Fixing the AP-101 was one of the major hurdles of the program. The F-8 program received serial numbers 1 to 9 of the AP-101 which meant the computers from these early lots were most likely to fail. The first bugs ranged from floating-point failures and an instruction that didn’t work to a 50% drop in the data transfer rate. . By mid 1975, there were 19 faults in the first 7 computers causing an MTBF of 204 hours, less than 5% of the predicted rate.  Case in point, some of the failures were due to the separation of the circuit boards, which were built in layers. Turns out that the board manufacturer was using a watered-down coating fluid between layers that expanded when heated while the computer was running. Fixing these issues and others ranged in cost from $87,000 (for the first computer) to $130,000 dollars (for the last computer).

On delivery of the flight system, things were pretty much as expected: 675 hours MTBF at 7,000 hours of use. February to July 1976, operations reached 1200 hours per months and an MTBF at 500 hours. In September 1976 the MTBF reached a low of 375 hours which delayed the first flight by 4 months due to a major hardware rework. Eventually MTBF recovered to 500 hours at 18,000 hours of operation. The AP-101 never did meet IBM’s reliability projections.

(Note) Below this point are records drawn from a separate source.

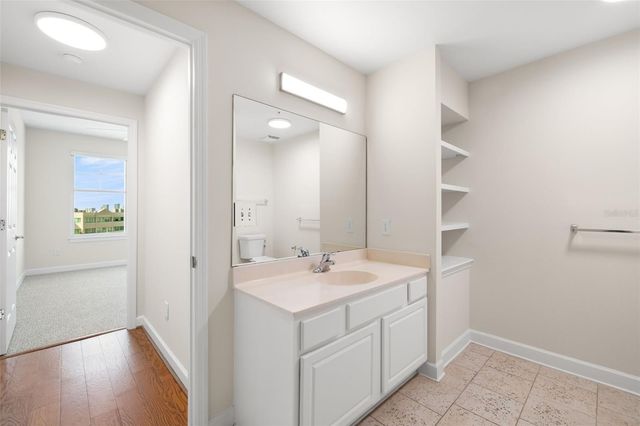 345 BAYSHORE BOULEVARD 805, Tampa, FL 33606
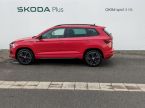 Škoda Karoq - fotka číslo 2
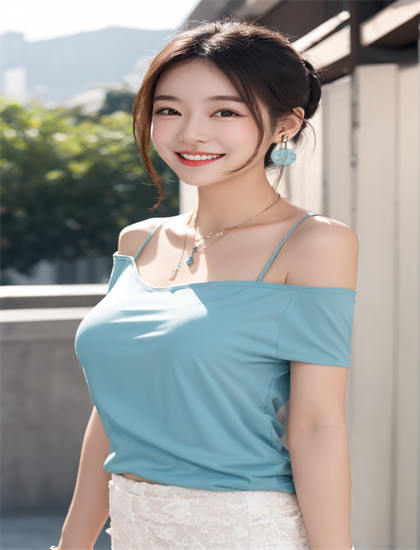 拍拖故事画质音效选择指南：版本差异与体验优化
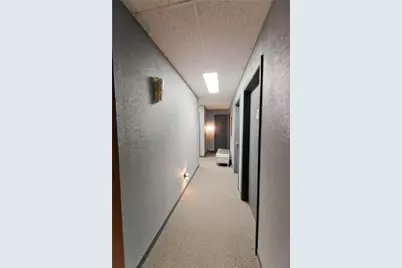 1035 N Main Street #1S, Rice Lake, WI 54868 - Photo 11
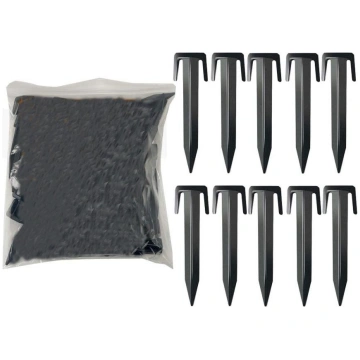 AYI | Robot Lawn Mower Staples for Boundary Wire D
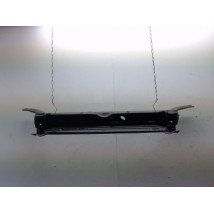 TRAVERSE SUPERIEURE ARMATURE AVANT CITROEN BERLINGO FGT 2002-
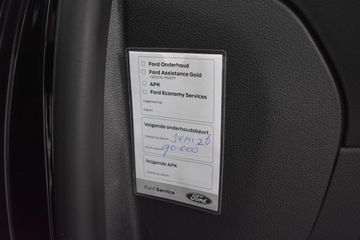 Voertuigafbeelding 8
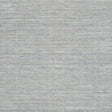 Winfield Thybony SISAL LAPIS Wallpaper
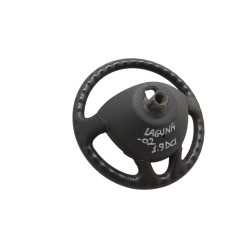 Volante RENAULT Laguna Berlina 3° Serie - 8200198976 - 3166416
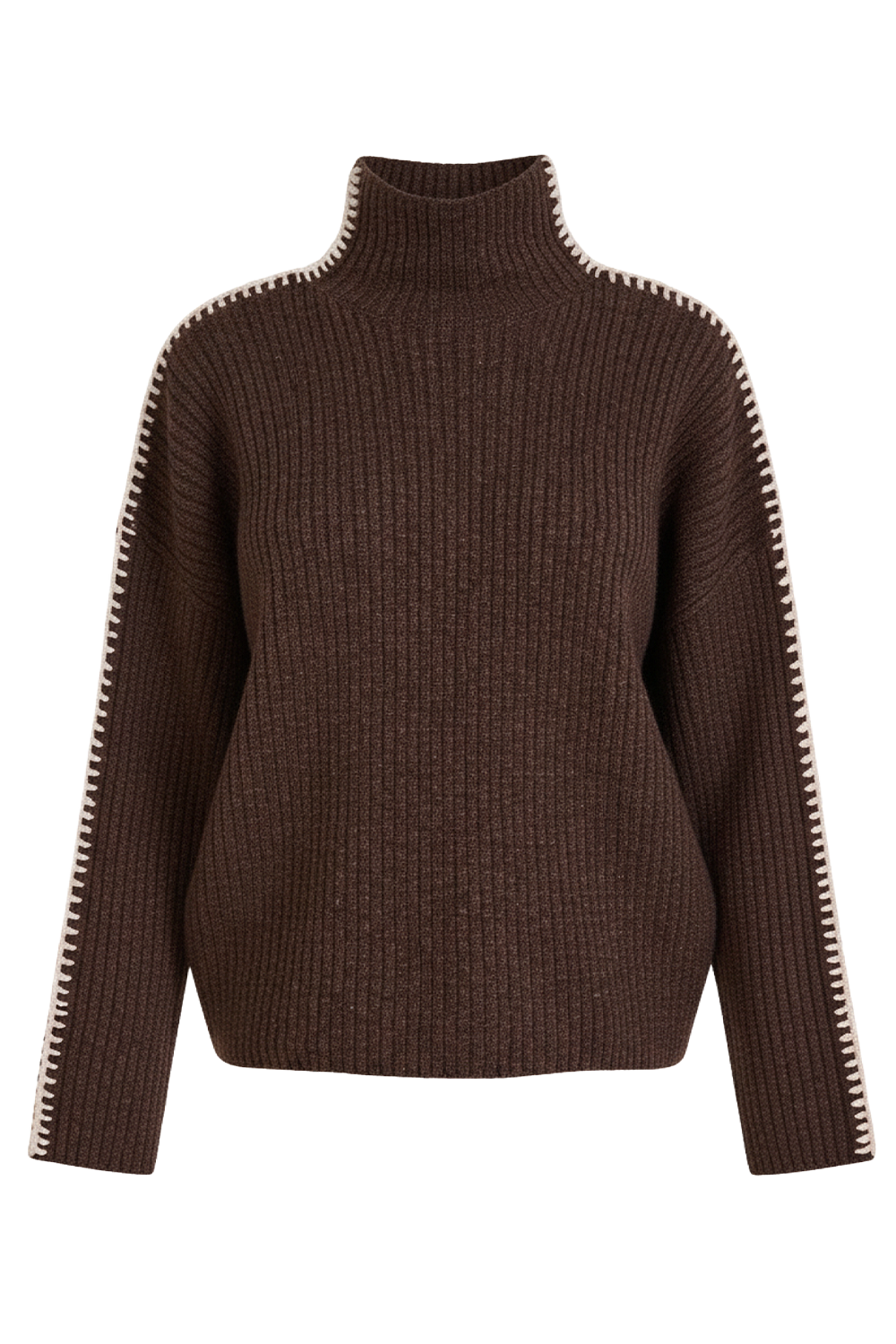 תמונה קידמית של סריג גולף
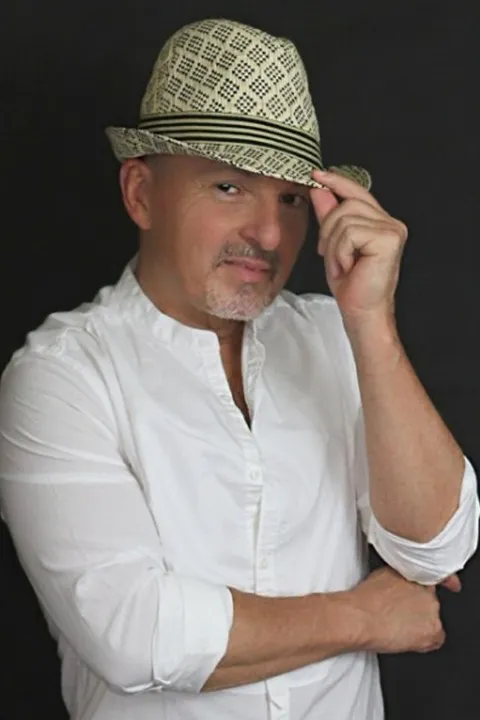 5. Bild von Sven S. aus seiner Sedcard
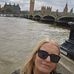 Heather Arnott - Facebook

Phase II FCS The main problem concerning software was how to get a multicomputer system to behave like a single computer for control laws and like 3 independent computers for fault tolerance. The software would be scheduled to execute cyclically within a 20 millisecond loop. That solved the synchronization. The computers would synchronize up to 3 times sending each other discrete signals and sharing data with attempts totaling no more than 200 microseconds. If a computer failed to keep in step the others would ignore it and move on. Built in test software would detect that failure and restart the computer. The new software for Phase II meant that there had to be new pilot interface protocols.


The mode-and-gain panel still had the direct (DIR), stability-augmentation (SAS), and control augmentation modes (CAS) but added a maneuver-load-control button in CAS mode, which was the predictive augmentation in pitch and expanded the 4 position gain switches to 5. There was also a digital autopilot with Mach-hold, altitude-hold, and heading-hold selections.

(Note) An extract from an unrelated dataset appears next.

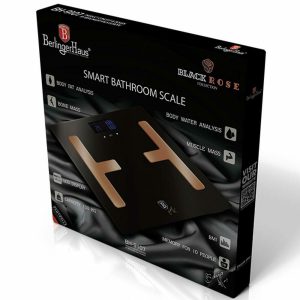 20220322165832_c8d8bc54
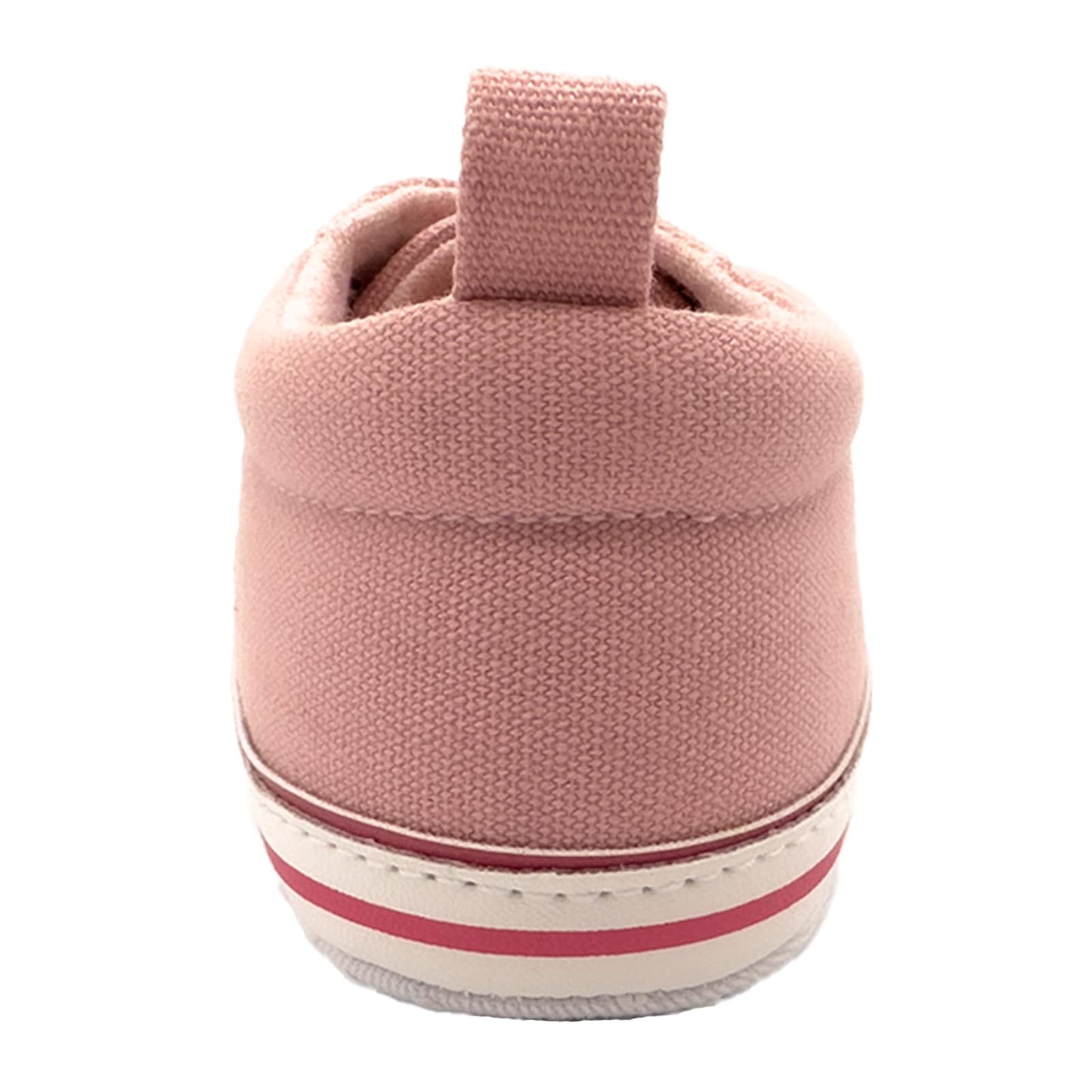 Carter's Baby & Infant Sneakers for Girls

Schematic of the Mode Control Panel.

The Phase II system also allowed the pilot to access the computer software from inside the cockpit via a “Computer Interface Panel” which contained three seven segment displays and 2 thumb wheels with numbers 0 to 9 and “enter” and “clear” buttons.

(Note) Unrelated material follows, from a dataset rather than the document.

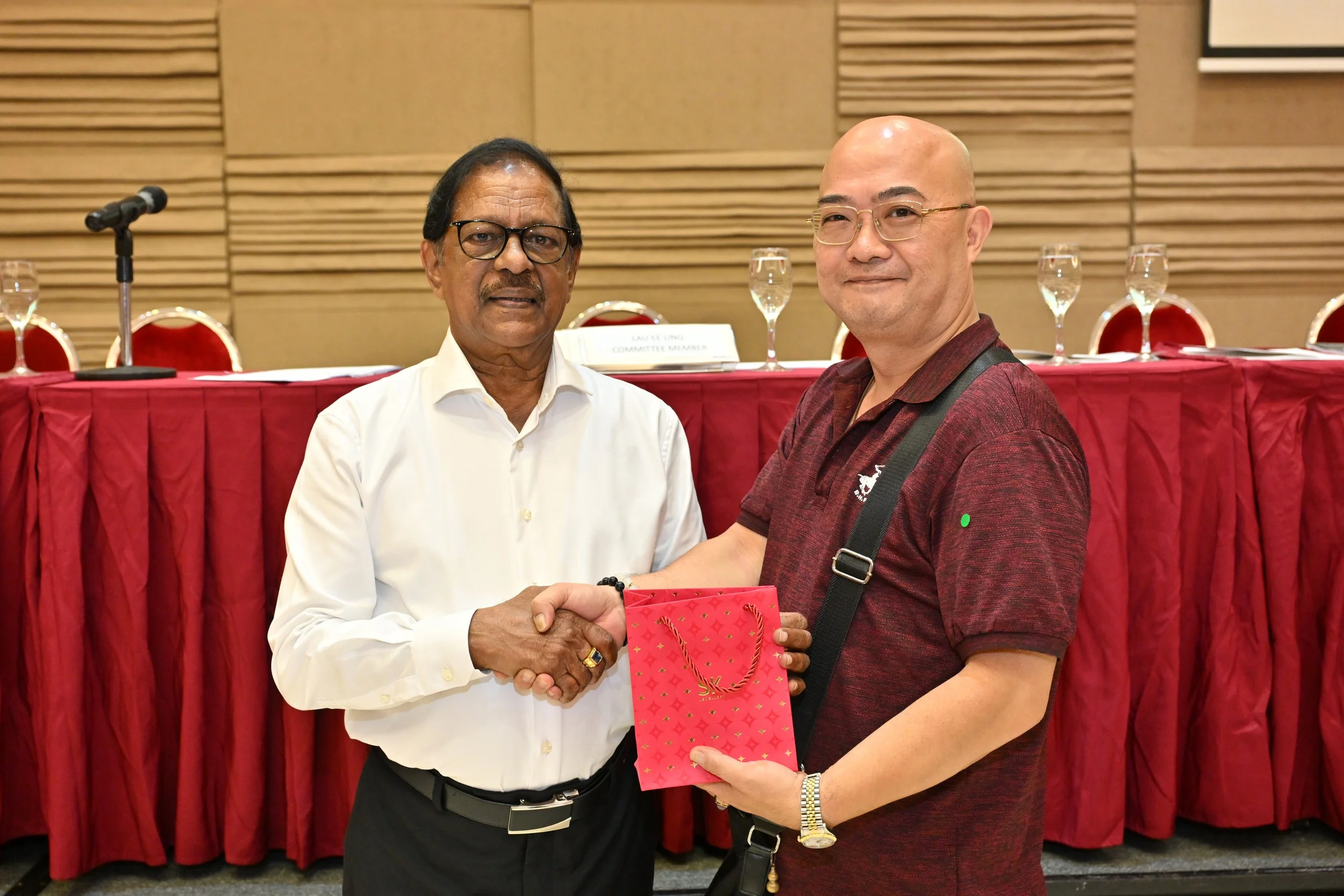 SGS AGM 0336.jpg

The software used fixed point arithmetic for sensor data and floating point for control laws. Memory layout of the software started with 2,000 words of data. The operating system and redundancy management software comprised the next 3,000 words. The control laws comprised 5,000 words and the sensor redundancy and preflight testing software took 2,500 words each. The ground display and program load instructions took up the final 4,000 words of space for a grand total of 19,000 words of the initial 24,000 words of space (this was expandable to 32,000 words).

Software dev process By early 1976, the software was mature enough for the pilots to be involved in verification and QA. Release 5 of the software was released by 22 June for flight review on the “iron bird” but had so many problems the review was cancelled. Release 6 arrived in July and was tested without problems. By late July, the Release 7 software was verified and was ready for flight qualification by 10 August.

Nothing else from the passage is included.